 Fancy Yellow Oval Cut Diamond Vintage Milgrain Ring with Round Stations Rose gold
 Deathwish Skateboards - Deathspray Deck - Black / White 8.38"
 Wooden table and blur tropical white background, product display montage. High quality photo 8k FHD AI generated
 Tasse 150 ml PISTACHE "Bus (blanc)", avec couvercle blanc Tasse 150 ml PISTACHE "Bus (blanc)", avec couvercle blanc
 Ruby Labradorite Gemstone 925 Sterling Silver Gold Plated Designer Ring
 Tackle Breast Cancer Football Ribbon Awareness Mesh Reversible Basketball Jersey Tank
****
◆ TASK DETAILS ◆
Please find, in the entries above, every line where "Ring" occurs, and copy it.

◆ SOLVED PROBLEM ◆
 Fancy Yellow Oval Cut Diamond Vintage Milgrain Ring with Round Stations Rose gold
 Ruby Labradorite Gemstone 925 Sterling Silver Gold Plated Designer Ring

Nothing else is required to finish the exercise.